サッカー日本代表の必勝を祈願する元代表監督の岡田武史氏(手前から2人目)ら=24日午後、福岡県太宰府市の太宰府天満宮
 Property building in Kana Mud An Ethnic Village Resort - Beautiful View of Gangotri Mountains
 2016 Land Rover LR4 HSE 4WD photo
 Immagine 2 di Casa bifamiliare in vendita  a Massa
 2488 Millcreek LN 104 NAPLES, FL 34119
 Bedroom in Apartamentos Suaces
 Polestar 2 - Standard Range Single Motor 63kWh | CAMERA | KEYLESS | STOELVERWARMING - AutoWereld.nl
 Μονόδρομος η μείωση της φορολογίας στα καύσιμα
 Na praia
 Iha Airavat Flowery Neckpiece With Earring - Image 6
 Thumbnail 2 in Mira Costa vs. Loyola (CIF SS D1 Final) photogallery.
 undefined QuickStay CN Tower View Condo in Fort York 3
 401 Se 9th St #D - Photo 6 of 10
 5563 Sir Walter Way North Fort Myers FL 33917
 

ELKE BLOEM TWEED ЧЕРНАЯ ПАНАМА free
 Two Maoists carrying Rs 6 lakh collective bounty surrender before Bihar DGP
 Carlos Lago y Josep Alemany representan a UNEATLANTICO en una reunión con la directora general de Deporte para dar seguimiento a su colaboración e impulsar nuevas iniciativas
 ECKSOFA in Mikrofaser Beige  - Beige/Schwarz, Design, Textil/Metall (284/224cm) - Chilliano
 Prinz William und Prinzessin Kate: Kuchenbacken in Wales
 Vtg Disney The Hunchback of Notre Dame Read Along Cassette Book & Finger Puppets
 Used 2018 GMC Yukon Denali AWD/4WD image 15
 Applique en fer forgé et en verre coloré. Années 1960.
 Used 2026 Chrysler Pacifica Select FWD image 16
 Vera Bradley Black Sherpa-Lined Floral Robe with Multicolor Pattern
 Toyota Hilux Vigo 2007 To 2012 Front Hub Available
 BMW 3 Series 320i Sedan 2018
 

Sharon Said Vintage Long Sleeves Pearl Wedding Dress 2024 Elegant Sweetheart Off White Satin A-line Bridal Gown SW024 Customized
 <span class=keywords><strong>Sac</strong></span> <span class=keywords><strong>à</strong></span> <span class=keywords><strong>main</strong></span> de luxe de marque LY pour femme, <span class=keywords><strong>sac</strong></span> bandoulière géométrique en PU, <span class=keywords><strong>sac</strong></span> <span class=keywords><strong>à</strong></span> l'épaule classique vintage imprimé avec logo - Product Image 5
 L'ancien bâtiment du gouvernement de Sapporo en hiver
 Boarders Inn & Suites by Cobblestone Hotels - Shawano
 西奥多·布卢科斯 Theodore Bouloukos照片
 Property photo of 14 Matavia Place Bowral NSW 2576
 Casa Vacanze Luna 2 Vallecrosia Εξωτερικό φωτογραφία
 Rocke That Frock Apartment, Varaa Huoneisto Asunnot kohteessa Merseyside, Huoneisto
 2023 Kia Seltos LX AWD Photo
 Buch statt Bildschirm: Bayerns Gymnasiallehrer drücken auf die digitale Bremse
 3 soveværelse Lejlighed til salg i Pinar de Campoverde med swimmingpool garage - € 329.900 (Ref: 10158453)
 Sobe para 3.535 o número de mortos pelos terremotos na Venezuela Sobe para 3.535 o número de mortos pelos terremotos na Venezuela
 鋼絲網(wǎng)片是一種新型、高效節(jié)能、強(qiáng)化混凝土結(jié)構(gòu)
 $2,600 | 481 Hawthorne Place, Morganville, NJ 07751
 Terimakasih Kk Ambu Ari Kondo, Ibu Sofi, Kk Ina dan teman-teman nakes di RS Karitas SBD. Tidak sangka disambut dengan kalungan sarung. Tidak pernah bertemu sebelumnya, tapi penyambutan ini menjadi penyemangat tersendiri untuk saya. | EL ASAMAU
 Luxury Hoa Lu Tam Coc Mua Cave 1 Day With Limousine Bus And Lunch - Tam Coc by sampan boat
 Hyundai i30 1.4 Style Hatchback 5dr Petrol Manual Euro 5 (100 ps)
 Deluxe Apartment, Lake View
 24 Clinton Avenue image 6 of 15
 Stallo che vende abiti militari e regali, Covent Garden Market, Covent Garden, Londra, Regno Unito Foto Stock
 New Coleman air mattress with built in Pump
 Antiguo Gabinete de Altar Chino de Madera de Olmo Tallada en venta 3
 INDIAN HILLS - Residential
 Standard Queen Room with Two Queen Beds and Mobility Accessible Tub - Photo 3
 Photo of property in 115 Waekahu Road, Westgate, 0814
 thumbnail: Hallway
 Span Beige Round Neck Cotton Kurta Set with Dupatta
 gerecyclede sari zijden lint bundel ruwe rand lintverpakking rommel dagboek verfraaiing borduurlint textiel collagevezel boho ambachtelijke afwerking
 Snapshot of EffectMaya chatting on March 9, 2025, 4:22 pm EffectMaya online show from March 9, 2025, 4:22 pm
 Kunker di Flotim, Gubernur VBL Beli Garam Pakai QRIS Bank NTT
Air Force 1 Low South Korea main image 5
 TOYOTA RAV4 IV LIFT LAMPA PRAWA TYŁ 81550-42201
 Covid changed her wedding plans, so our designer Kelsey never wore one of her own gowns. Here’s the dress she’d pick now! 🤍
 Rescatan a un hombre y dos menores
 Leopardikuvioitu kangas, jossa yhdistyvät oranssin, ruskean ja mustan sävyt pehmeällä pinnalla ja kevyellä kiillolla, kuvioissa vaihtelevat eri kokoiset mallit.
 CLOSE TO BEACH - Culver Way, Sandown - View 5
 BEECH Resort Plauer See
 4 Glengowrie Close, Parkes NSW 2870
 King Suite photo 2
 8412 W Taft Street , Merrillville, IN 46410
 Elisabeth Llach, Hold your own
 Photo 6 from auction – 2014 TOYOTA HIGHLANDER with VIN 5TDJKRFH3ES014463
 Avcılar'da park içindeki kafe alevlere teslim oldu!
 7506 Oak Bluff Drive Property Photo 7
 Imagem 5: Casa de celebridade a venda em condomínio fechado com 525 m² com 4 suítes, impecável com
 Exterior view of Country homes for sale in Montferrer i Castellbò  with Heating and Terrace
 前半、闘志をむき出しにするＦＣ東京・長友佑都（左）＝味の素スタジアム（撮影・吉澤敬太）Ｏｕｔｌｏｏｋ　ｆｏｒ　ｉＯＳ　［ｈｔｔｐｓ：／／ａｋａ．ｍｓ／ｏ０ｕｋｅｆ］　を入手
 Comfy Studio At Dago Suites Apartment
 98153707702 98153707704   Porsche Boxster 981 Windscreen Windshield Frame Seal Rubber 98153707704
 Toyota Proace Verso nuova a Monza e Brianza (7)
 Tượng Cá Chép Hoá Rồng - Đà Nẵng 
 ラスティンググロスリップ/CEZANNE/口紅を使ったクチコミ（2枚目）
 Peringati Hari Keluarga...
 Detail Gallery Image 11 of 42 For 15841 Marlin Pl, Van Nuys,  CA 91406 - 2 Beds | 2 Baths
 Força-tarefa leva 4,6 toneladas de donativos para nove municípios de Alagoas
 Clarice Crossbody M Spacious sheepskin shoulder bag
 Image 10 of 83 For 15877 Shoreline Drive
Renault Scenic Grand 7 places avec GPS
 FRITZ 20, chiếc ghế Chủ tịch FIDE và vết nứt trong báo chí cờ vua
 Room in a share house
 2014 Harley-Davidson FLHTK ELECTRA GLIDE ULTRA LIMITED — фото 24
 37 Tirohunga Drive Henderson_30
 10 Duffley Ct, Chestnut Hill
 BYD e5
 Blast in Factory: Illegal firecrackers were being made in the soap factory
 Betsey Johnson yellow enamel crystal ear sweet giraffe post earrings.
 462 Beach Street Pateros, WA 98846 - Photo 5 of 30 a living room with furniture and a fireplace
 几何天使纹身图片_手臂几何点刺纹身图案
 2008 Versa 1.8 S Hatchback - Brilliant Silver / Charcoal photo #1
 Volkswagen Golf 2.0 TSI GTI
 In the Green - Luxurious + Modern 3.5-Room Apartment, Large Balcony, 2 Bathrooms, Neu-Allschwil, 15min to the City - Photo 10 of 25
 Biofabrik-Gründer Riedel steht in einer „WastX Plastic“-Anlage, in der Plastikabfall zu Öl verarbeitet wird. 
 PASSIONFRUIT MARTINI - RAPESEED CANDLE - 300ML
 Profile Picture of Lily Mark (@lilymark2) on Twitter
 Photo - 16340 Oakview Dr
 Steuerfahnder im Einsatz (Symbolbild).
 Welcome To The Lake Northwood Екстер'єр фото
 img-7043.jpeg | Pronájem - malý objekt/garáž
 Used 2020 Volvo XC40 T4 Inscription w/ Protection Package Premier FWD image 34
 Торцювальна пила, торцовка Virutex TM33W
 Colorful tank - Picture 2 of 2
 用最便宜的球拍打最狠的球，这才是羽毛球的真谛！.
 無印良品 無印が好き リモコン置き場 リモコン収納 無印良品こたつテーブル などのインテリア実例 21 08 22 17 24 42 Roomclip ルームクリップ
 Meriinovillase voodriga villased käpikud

•••••

[Problem statement]:
Print exactly the lines of the listing above starting at the line containing "Iha Airavat Flowery" and ending at the line containing "Property photo of", both included.

[Answer section]:
 Iha Airavat Flowery Neckpiece With Earring - Image 6
 Thumbnail 2 in Mira Costa vs. Loyola (CIF SS D1 Final) photogallery.
 undefined QuickStay CN Tower View Condo in Fort York 3
 401 Se 9th St #D - Photo 6 of 10
 5563 Sir Walter Way North Fort Myers FL 33917
 

ELKE BLOEM TWEED ЧЕРНАЯ ПАНАМА free
 Two Maoists carrying Rs 6 lakh collective bounty surrender before Bihar DGP
 Carlos Lago y Josep Alemany representan a UNEATLANTICO en una reunión con la directora general de Deporte para dar seguimiento a su colaboración e impulsar nuevas iniciativas
 ECKSOFA in Mikrofaser Beige  - Beige/Schwarz, Design, Textil/Metall (284/224cm) - Chilliano
 Prinz William und Prinzessin Kate: Kuchenbacken in Wales
 Vtg Disney The Hunchback of Notre Dame Read Along Cassette Book & Finger Puppets
 Used 2018 GMC Yukon Denali AWD/4WD image 15
 Applique en fer forgé et en verre coloré. Années 1960.
 Used 2026 Chrysler Pacifica Select FWD image 16
 Vera Bradley Black Sherpa-Lined Floral Robe with Multicolor Pattern
 Toyota Hilux Vigo 2007 To 2012 Front Hub Available
 BMW 3 Series 320i Sedan 2018
 

Sharon Said Vintage Long Sleeves Pearl Wedding Dress 2024 Elegant Sweetheart Off White Satin A-line Bridal Gown SW024 Customized
 <span class=keywords><strong>Sac</strong></span> <span class=keywords><strong>à</strong></span> <span class=keywords><strong>main</strong></span> de luxe de marque LY pour femme, <span class=keywords><strong>sac</strong></span> bandoulière géométrique en PU, <span class=keywords><strong>sac</strong></span> <span class=keywords><strong>à</strong></span> l'épaule classique vintage imprimé avec logo - Product Image 5
 L'ancien bâtiment du gouvernement de Sapporo en hiver
 Boarders Inn & Suites by Cobblestone Hotels - Shawano
 西奥多·布卢科斯 Theodore Bouloukos照片
 Property photo of 14 Matavia Place Bowral NSW 2576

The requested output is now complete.